155: \section*{Materials and Method}

156: \subsection*{Definition of residue-wise contact order}

157: As mentioned in the Introduction, the residue-wise contact order (RWCO) of

158: the $i$-th residue is defined by

159: \begin{equation}

160: o_{i} = \frac{1}{L}\sum_{j:|j-i|>2}|i-j|C_{i,j}\label{eq:def}

161: \end{equation}

162: where the summation is normalized by the length $L$ of the amino acid

163: sequence of the protein and $C_{i,j}$ represents the contact map of the protein.

164: We exclude trivial contacts between nearest- and next-nearest residues

165: along the sequence.

166: To make the RWCO useful for molecular dynamics simulations, the contact

167: between two residues is defined by a smooth sigmoid function:

168: \begin{equation}

169: C_{i,j} = 1/\{1+\exp[w(r_{i,j} - d_c)]\}

170: \end{equation}

171: where $r_{i,j}$ is the distance between $C_{\beta}$ atoms of the $i$-th

172: and $j$-th

173: residues ($C_{\alpha}$ atoms for glycine), $d_c$ is the cut-off distance for

174: the contact definition, and $w$ is

175: a parameter that determines the sharpness of the sigmoid function.

176: To be consistent with our previous

177: studies\cite{KinjoETAL2005,KinjoANDNishikawa2005},

178: we set $d_c = 12$\AA{} and $w=3$ throughout the present paper.

179:

180: We also define the normalized (relative) RWCO by

181: \begin{equation}

182: {y}_{i}^{p} = ({o}_{i}^{p} - \langle {o}_{i}^{p} \rangle)/

183: \sqrt{\langle({o}_{i}^{p} - \langle {o}_{i}^{p} \rangle)^2\rangle}

184: \label{eq:normal}

185: \end{equation}

186: where $\langle \cdot \rangle$ denotes averaging operation over the given

187: protein chain $p$.

188:

189: \subsection*{Prediction scheme}

190: To predict the RWCO of each residue in a protein, we first conduct three

191: iterations of PSI-BLAST\cite{AltschulETAL1997} search against the

192: NCBI non-redundant amino acid sequence database to obtain the sequence profile

193: of the protein with the E-value cut-off of $10^{-7}$.

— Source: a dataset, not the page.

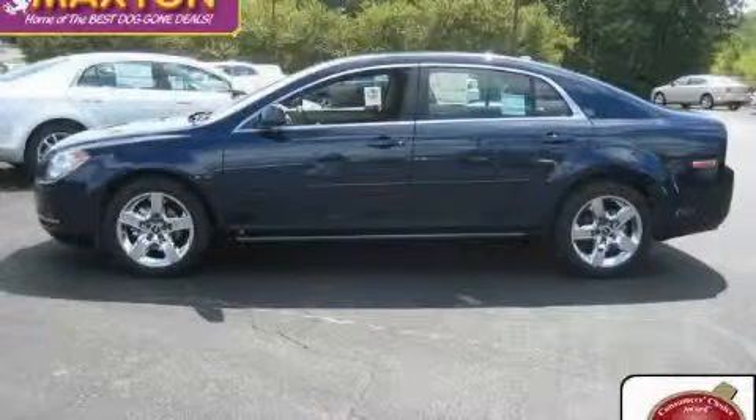This is a 2010 Chevrolet Malibu. Great handling, great comfort, a great ride.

194: We use the amino acid score table of the

195: PSI-BLAST  profile which is represented as $f(i,a)$

196: ($i$: site, $a$: amino acid) in the following (instead of the frequency table

197: used in the previous study\cite{KinjoETAL2005}).

198:

199: The RWCO $\hat{o}_{i}^{p}$ of the $i$-th residue in the protein $p$

200: is predicted in two steps. First we predict the normalized RWCO $y_{i}^p$ for

201: each residue, and then we combine it with the mean $\mu^p$ and standard

202: deviation (S.D.) $\sigma^p$ of the RWCOs of the protein,

203: which are predicted separately. The normalized RWCO is predicted by

204: the following linear regression scheme:

205: \begin{equation}

206: \hat{y}_{i}^{p} = \sum_{m=-M}^{M}\sum_{a}^{\mbox{\scriptsize residue types}}C_{m,a}f^{p}(i+m,a) + C\label{eq:reg}

207: \end{equation}

208: where $M$ is the half window size (a free parameter to be determined),

209: $f^{p} (i+m,a)$ represents an element of the PSI-BLAST profile of the

210: protein $p$, and $C_{m,a}$ and $C$ are regression parameters.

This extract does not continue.